═════ Dataset content ═════

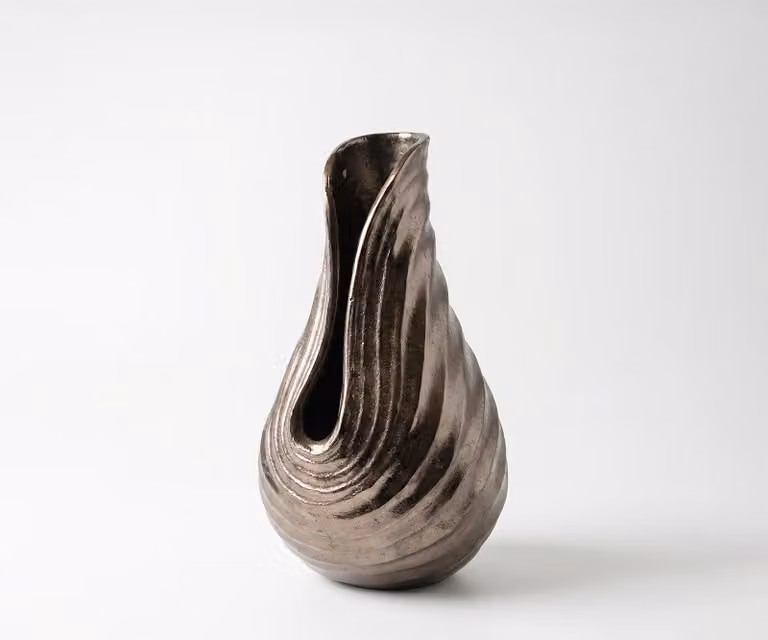 Delife Vaas Helixa Gegoten Aluminium in Mokka Bronze, B: 17 cm, D: 18 cm, H: 31 cm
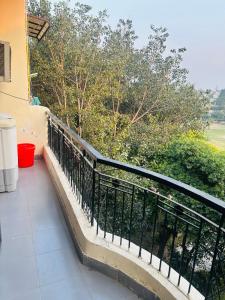 Cozy 1BHK with Park View Peaceful and Private Stay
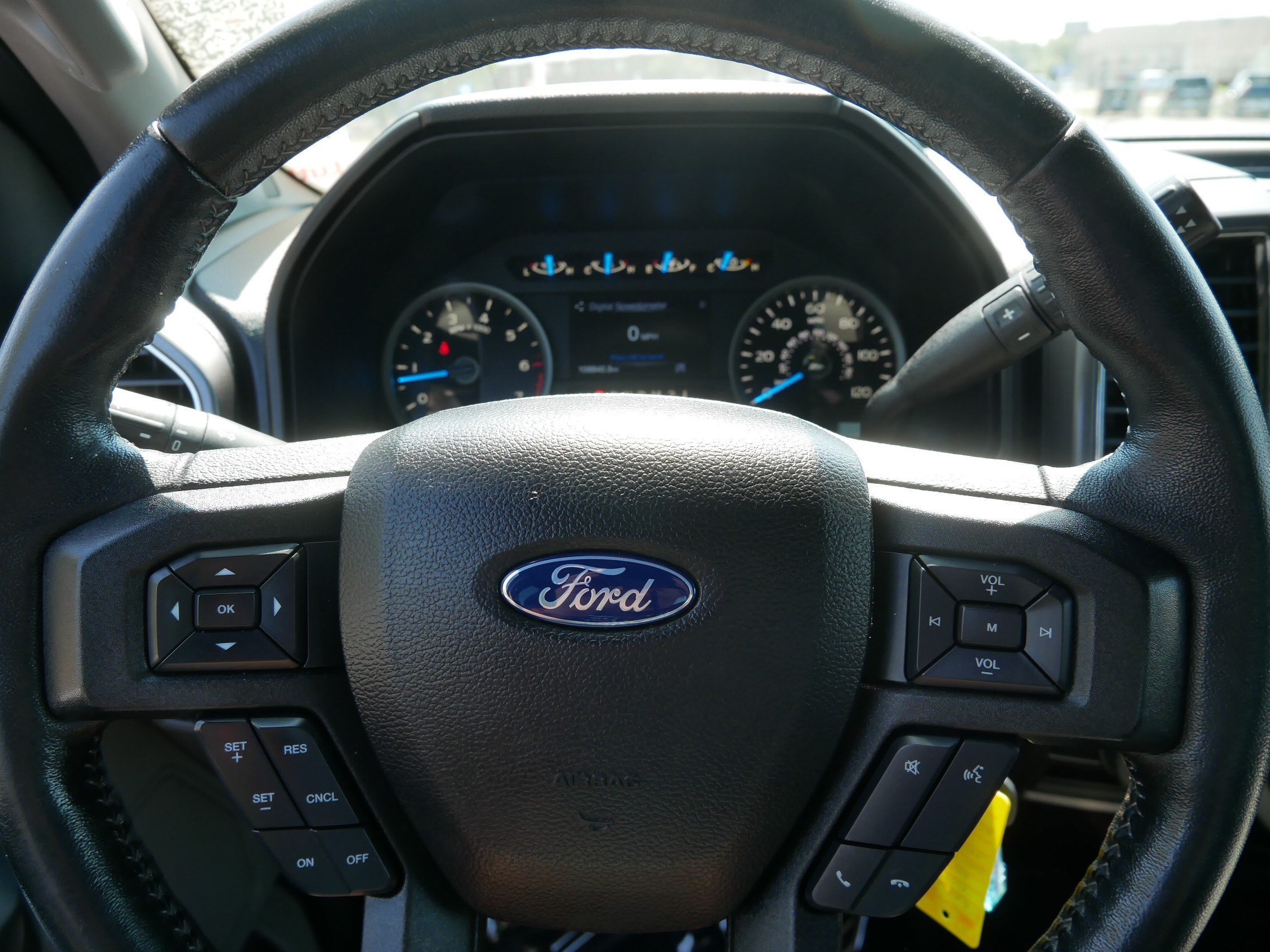 Used 2017 Ford F150 XLT w/ Equipment Group 301A Mid AWD/4WD image 25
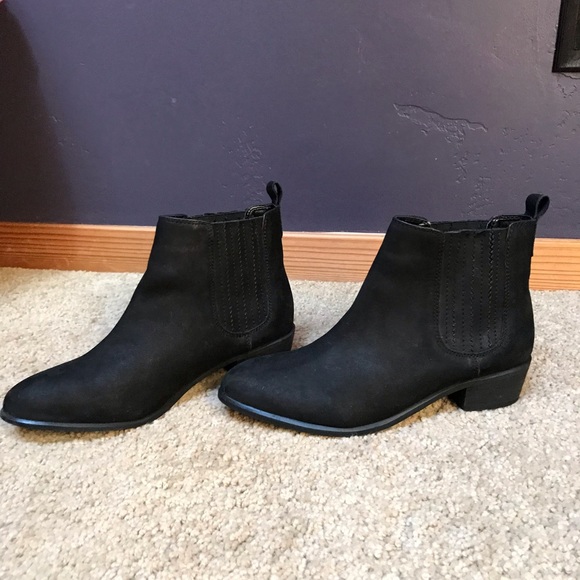 Black Steve madden booties!! - Picture 3 of 7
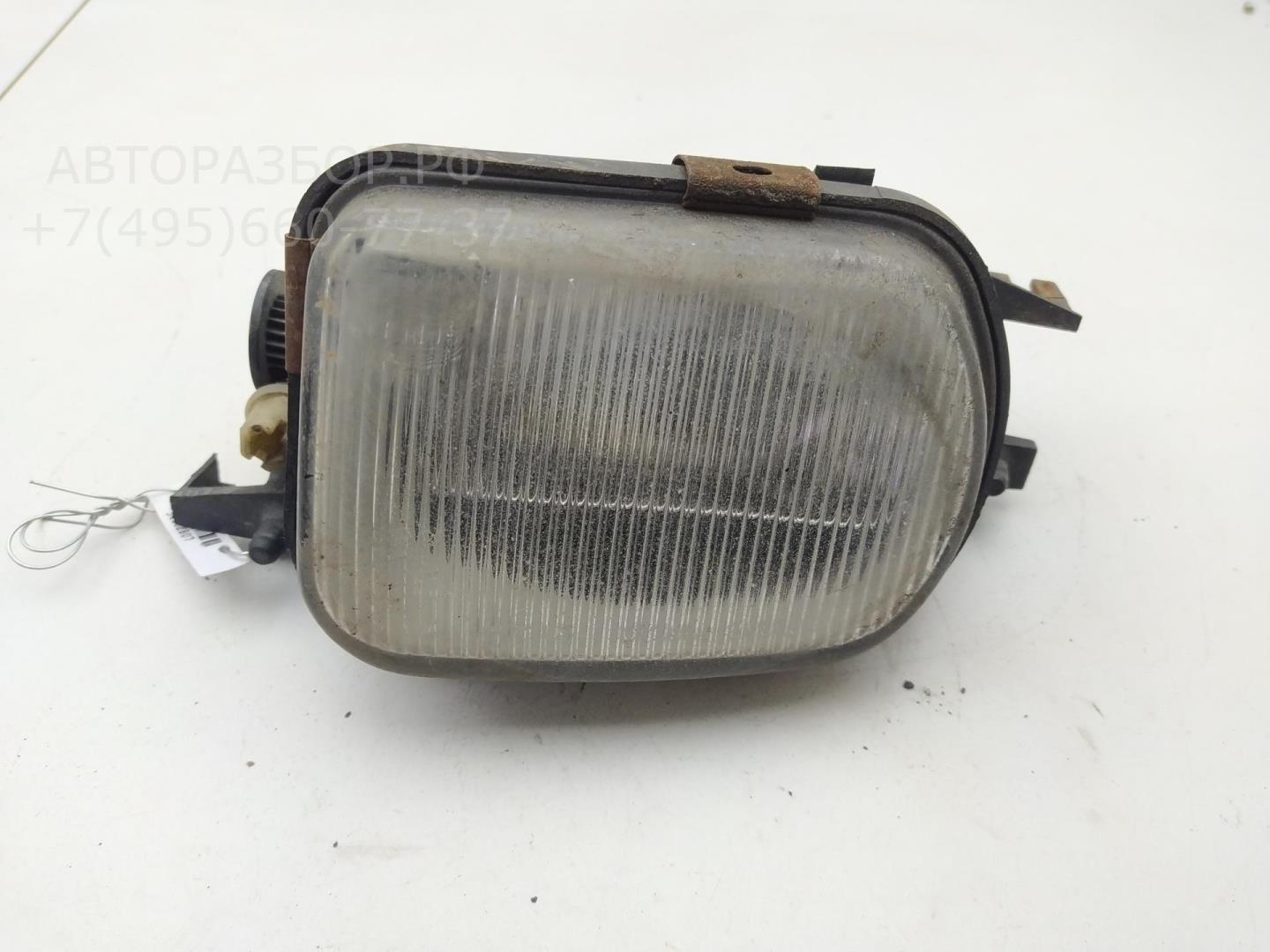 Фара противотуманная правая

═════

Work item
Pictures stay out; print everything else in the data exactly.

Your response
 Delife Vaas Helixa Gegoten Aluminium in Mokka Bronze, B: 17 cm, D: 18 cm, H: 31 cm
 Cozy 1BHK with Park View Peaceful and Private Stay
 Used 2017 Ford F150 XLT w/ Equipment Group 301A Mid AWD/4WD image 25
 Black Steve madden booties!! - Picture 3 of 7
 Фара противотуманная правая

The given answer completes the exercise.